Nel mezzo del silenzio di anni di crescita costante del costo della cultura il rumore delle transenne che si spostano a Pisa e i 150 ragazzi e ragazze che irrompono al concerto di Vinicio Capossela impongono di fermarsi e ragionare. Benchè il centro della protesta dei collettivi pisani fosse la privatizzazione dello spazio pubblico, la loro azione apre a domande ben più profonde e radicali, la prima è se la musica e la cultura siano un prodotto da lasciar gestire unicamente al far west del mercato e quindi accettare con normalità che non siano un bene primario e fondamentale per lo sviluppo della società e che sia così accessibile solo a chi se lo può permettere. I biglietti dei mega concerti superano facilmente i 100 euro, e la media di ogni singolo spettacolo cresce. Sono rari i luoghi dove la volontà degli artisti o l’imposizione di un biglietto calmirato descrive una traiettoria diversa. La cultura e la musica sono sì un prodotto, ma un prodotto non convenzionale.
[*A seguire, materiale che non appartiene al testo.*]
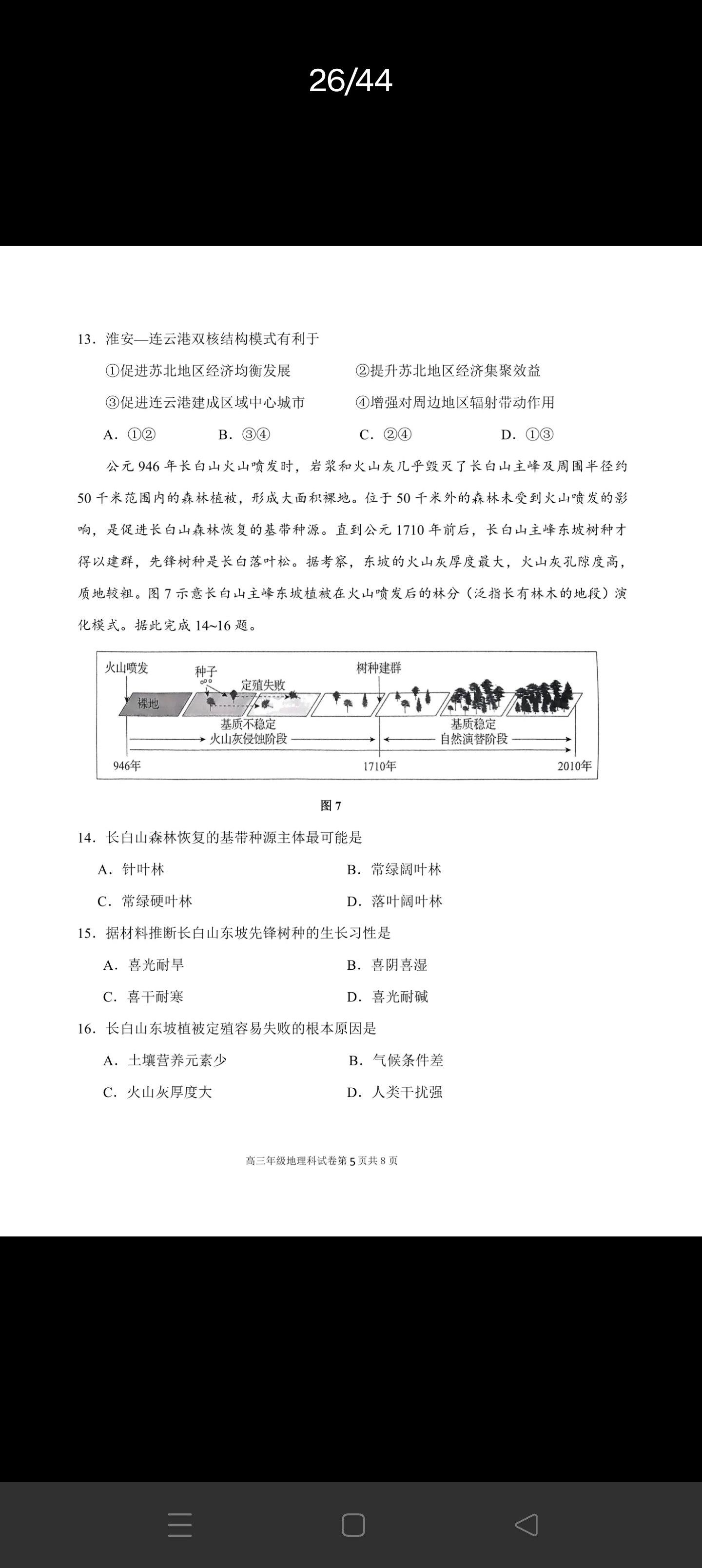 2024年陕西省初中学业水平考试信息卷(C)答案(地理)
NON POSSIAMO negare che di cultura si vive e si deve vivere, certo possiamo evidenziare come dentro la filiera produttiva ci siano precarietà e sfruttamento a livelli allarmanti. Troppo spesso giocando sulla passione delle persone si utilizza lavoro sottopagato, promettendo visibilità, conoscenze e possibilità. E troppo spesso chi ha il sogno di far parte del settore è pronto a piegarsi alle peggiori condizioni. Ma al netto di ciò la filiera produttiva ha dei costi, ed è legittimo, finché saremo dominati dalla necessità di avere denaro per sopravvivere, che chi ci lavora sia pagato. Dall’artista al facchino. E con la cultura ci si arricchisce anche, quindi sì certo è un prodotto. Ma perché parlo di prodotto non convenzionale? Perché la cultura e quindi la musica, il cinema, il teatro, la letteratura e tant altro sono uno strumento primario di sviluppo della società, di idee e un potente mezzo di comunicazione. E allora la protesta dei ragazzi e delle ragazze di Pisa non solo non è una riproposizione dell’autoriduzione degli anni ’70, come alcuni operatori del settore della musica hanno voluto far credere, ma è intuizione attualissima che pone delle evidenti questioni politiche: cosa deve fare la politica, nei suoi diversi livelli, per mediare tra i costi della cultura e la necessità di renderla accessibile anche a chi non può permettersela?

QUINDI i collettivi pisani sfondando al concerto di Capossela non solo denunciano che l’amministrazione locale ha deciso di limitare l’uso della piazza alla libera aggregazione con la scusa di realizzare concerti, ma si inseriscono in una dinamica enorme, che trova come giustificazione primaria la crescita dei cachet degli artisti che colmano così la scomparsa degli introiti discografici, e di fatto aprono una crepa cancellando il torpore con cui da troppo tempo si è accettato che la cultura sia puro commercio. Se una parte delle responsabilità sono anche dei consumatori che da anni hanno accettato, silenti, di pagare sempre di più per entrare ad un concerto, legittimando di fatto anche il velenoso fenomeno del secondary ticketing e con esso il prezzo fluttante dei tagliandi, dall’altro le grosse responsabilità della politica dell’anti ideologia sono presenti anche se più nascoste. No, la soluzione non è che i comuni, le regioni o altre istituzioni organizzino eventi gratuiti, o meglio è un pezzo di un discorso.

LA SOLUZIONE non va cercata nemmeno nelle tante situazioni estive che propongono musica in maniera gratuita, esperenze che spesso sono possibili perché basate sul lavoro di volontariato dell’organizzazione. Certamente la politica deve porsi come mediatrice tra i bisogni della filiera cultura e la necessità di non lasciare la cultura solo a pochi. Il grido di Pisa non si può colmare con le poche esperienze virtuose, pubbliche o private, che non negano i costi della cultura ma si pongono il nodo dell’accessibilità. Dove queste esperienze esistono vanno prese da esempio.